Zhao, Narayanan, and Puchalski, worked diligently on enhancements to the existing Leibniz framework that helped deliver the required precision.

“We had to arrive at 99.9 percent precision for each new market as quickly as possible,” Zhao says. “Whenever you add a new country, there are different conventions for hotel names, addresses, and attribute descriptions, so the system has to learn and apply some new rules. There is no existing list of equivalents or synonyms. Fortunately, Leibniz is always building on what it already understands so it just has to learn a few more.”

“With the first market we brought onboard, we had to run about 20 to 30 iterations to achieve 99.9 percent precision,” Narayanan recalls. “But a lot of those rules carried over to the next market, and the next, and so forth. The number of iterations started falling off pretty quickly. Some of the markets we onboarded near the end didn’t need any iterations at all. China and Japan were quite different, especially Japan, but even those were not too bad.”

An Integrated Effort

Tight deadlines meant a tight working relationship between the researchers and their key contacts in the AppEx group: Scott Thurlow, principal program manager; Andhy Koesnandar, software-development lead; Hari Prasad, principal development manager; and Troy Batterberry, partner group program manager.

Lots of video-conference calls, phone calls, and trips between Bellevue and Silicon Valley ensured that both sides stayed in sync on technology capabilities, requirements, and deadlines.

The AppEx team owned the responsibility of defining a rich, functional user experience for the Travel app. That team also integrated Leibniz with the app and managed a team of testers who validated the accuracy of Leibniz’s results. Overall, the project involved teams in four separate locations, adding logistical challenges to already-tough technical and operational complexities.

The final product has exceeded expectations.

In a previous version of the Travel app, people would see only the cheapest room deals for a hotel, even if it was not be the type of room the person wanted.

With the new Travel app, the booking page has been redesigned to show information from Kayak as before, but it also brings in other options via Booking.com to provide rooms and rate-plan details, empowering people with richer information for making decisions.

While Leibniz is the underlying engine for conflation, it is a platform that comes with a comprehensive set of tools—all of which proved extremely useful for the project’s administrators, program managers, labelers, developers, and testers. The tools simplified the work of labeling and training the models while also streamlining the deployment and management of the system during production.

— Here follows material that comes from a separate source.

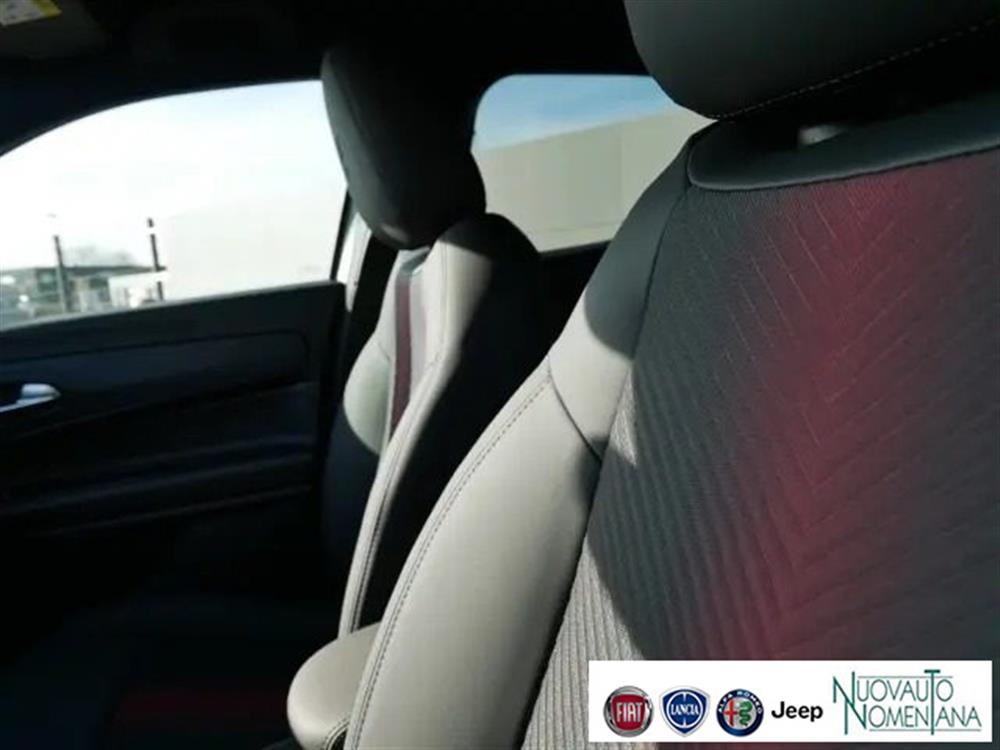 Junior   Junior 1.2 136 CV Hybrid eD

“The key goal of the AppEx team is to build high-value experiences that help attract users to our device platforms,” Batterberry says. “With the Liebniz technology from Microsoft Research, we’re able to conflate content from multiple sources with an unprecedented three nines of precision to help the user more effectively complete their task with the best possible experience.”

What’s Next for Leibniz?

The researchers and their counterparts in the AppEx group agree it has been an extremely productive, positive partnership. They look forward to future collaborations on other AppEx projects.

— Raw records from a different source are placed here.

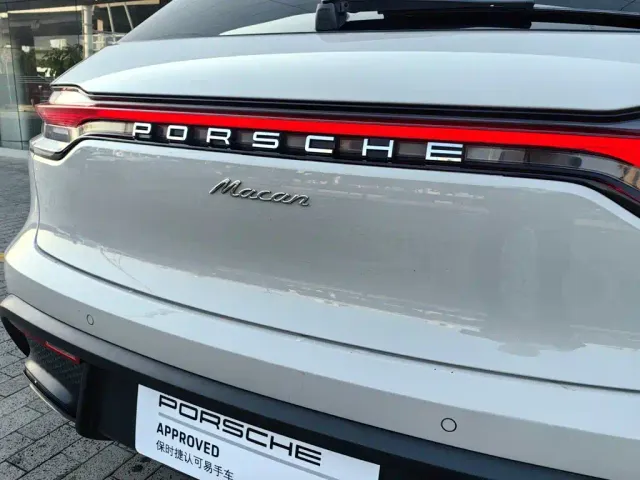 Porsche Macan — Фото автомобиля 19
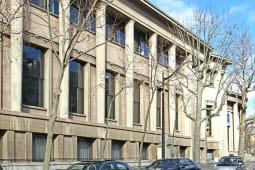 Faade sud-est du Palais d'Ina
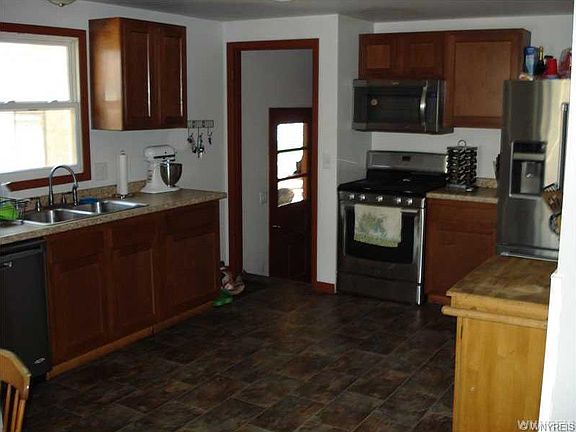 5th image of 46 Lloyd Dr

“The Leibniz platform is domain-agnostic,” Zhao says. “The models for each domain are different, but the same code base can be used to conflate data, whether movies or TV shows or hotels. Therefore, Leibniz is ideal in any situation where applications need to gather data from multiple sources and require high-quality conflation.”

A final question for Chandra: Where did the name Leibniz come from?

“Gottfried Wilhelm Leibniz was a mathematician, contemporaneous with Newton,” he says. “It turns out Leibniz was also a philosopher, and there is something called the Leibniz Principle that equates to data conflation. In colloquial terms, the Leibniz Principle says, ‘If it looks like a duck, walks like a duck, quacks like a duck, chances are it's a duck.’ That’s pretty much what we do.”